When Memory Doesn't Speak

THE STORY OF FORGETTING
By Stefan Merrill Block
Random House, 313 pages, $25

Stefan Merrill Block’s debut novel, The Story of Forgetting, takes place during the course of one summer in Texas in the late 1990’s, but it also manages to cover decades, looking far back into one family’s history, tracing the Alzheimer’s gene that passed from parent to offspring in a pattern nearly as regular as houndstooth check. It deals with scientific inquiry, putting one humble family under the microscope, but The Story of Forgetting manages to feel big and small in perfect proportion, at once intimate and universal. Mr. Block has made something very beautiful out of something very ugly: a disease that steals people’s lives from them.

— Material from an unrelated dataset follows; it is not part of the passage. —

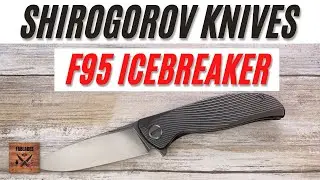 Shirogorov Knives F95 Icebreaker Special Edition Pocketknife. Fablades Full Review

The New York Times dared to call Mr. Block’s book uplifting. More like bittersweet—or, really, just plain sad. Yet the novel’s bleakness has less to do with Alzheimer’s itself than with a larger question: What does it mean to lose one’s memory? In Mr. Block’s formulation, forgetting will free you. At the end of our lives, he seems to suggest, we would all be lucky to lose our minds, to erase our wrongs and sins and return to a state of unsullied innocence. Some might find that reassuring. I find it depressing.

 

HOWEVER YOU TAKE the message, the art of Mr. Block’s novel will be its most important and lasting quality. Here, for once, is a debut that doesn’t derail three-quarters of the way through, or irritate you with its precociousness. It’s serious, but not self-serious. It’s a book about love.

The story involves two men, Seth and Abel, whose lives are lived far apart but are also intertwined. Seth is a teenager on summer break from school; his mother, who had been falling apart for a while, has been relegated to a place Seth calls “The Waiting Room”: a nursing home where she slips further away. In one wrenching flashback, Seth is with his parents at a Mongolian buffet when his mom forgets to have her stir-fry meat actually cooked. “My mom gaped down at her bowl, instantly repulsed,” writes Mr. Block. “She looked at my dad, then at me, with all the terror and wonder of a child separated from her parents at the zoo, glimpsing her future under the care of a family of caged bonobos. … ‘God,’ she said. ‘What am I doing?’” Seth sets about on a mission to understand the disease that’s robbing him of his mother—and her of herself.

Abel is a hunchbacked old man living about six hours away, whose brother suffered from the same strain of early-onset Alzheimer’s as Seth’s mom. It’s no surprise when the tie between Seth and Abel turns out to be tight, but along the path to that revelation, Mr. Block tosses in some true surprises that deepen our understanding of his characters. The author isn’t trying to throw the reader off the scent. On the contrary, Stefan Merrill Block wants you to stay with him every step of the way, to take it slow, to listen, so that you won’t forget a thing. And you won’t.